Explored adversarial search and Nash equilibrium to understand how multi-agents plan, compete, and cooperate strategically under partial information. Applied regret minimization to develop adaptive reasoning that optimizes multi-agent decisions.
Studied classic game-playing settings such as chess, Go, poker, and real-time strategy games as two-player and multi-player zero-sum Markov games, and modeled them as search problems where agents alternate moves while maximizing long-term utility against optimal opponents using minimax and α-β pruning. This included designing evaluation functions, depth-limited search, and heuristics that make adversarial reasoning tractable in very large game trees.
Formalized strategic interaction using normal-form and extensive-form games, analyzing Nash and subgame-perfect equilibria for both complete and partial-information games. Worked through mixed-strategy equilibria where players randomize to remain unpredictable, and reasoned about nature moves to handle stochastic transitions and chance events within the game. These tools were used to characterize when agents should commit to pure exploitation versus randomized policies that are robust to an intelligent adversary observing their behavior.

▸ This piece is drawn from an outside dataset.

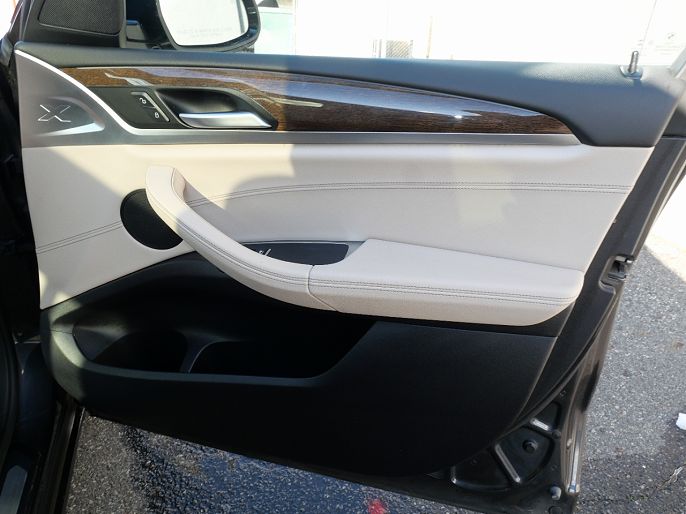 Vehicle view 27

To design agents that learn good strategies online, implemented no-regret learning algorithms in multi-armed bandit and expert settings, comparing deterministic greedy policies against randomized algorithms such as Randomized Greedy and Multiplicative Weights Updates. Regret was used as a benchmark to guarantee that, over time, the learned policy performs almost as well as the best fixed action in hindsight, even under adversarial reward sequences.

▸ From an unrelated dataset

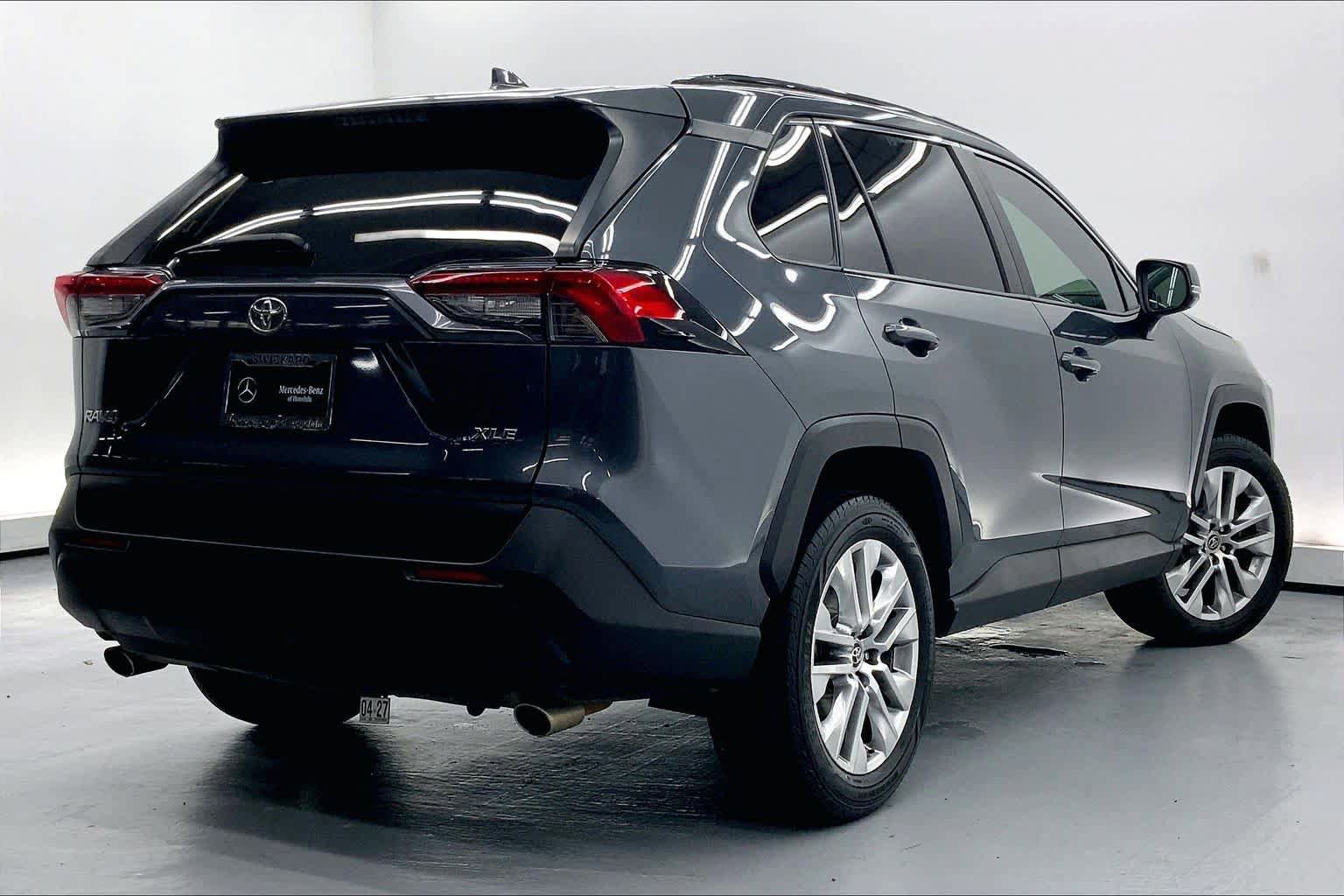Used 2019 Toyota RAV4 XLE Premium FWD image 3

Connected these decision-theoretic ideas back to knowledge-based agents by representing domain knowledge in logic, building simple knowledge bases, and using inference (e.g., resolution, forward and backward chaining) so agents can reason about hidden state, constraints, and goals before engaging in strategic interaction. This combination of logical reasoning, game-theoretic analysis, and regret-based learning provided a unified view of how AI systems can plan, predict opponents, and adapt their policies in complex, multi-agent environments.
- Implemented minimax and α-β pruning for deterministic two-player board games, tuning move ordering and evaluation functions to search deeper under strict time limits.
- Analyzed Bayesian and mixed-strategy Nash equilibria in partial-information games, deriving best-response dynamics and reasoning about how players should randomize their actions when they cannot fully observe each other’s choices.
- Built regret-minimizing policies for expert and bandit settings, comparing greedy, Randomized Greedy, and Multiplicative Weights algorithms and proving logarithmic or sublinear regret bounds against adversarial sequences of rewards.
- Designed logical agents for environments like Wumpus World, encoding safety and reachability constraints in propositional logic and using inference to decide which actions keep the agent safe while still pursuing rewards.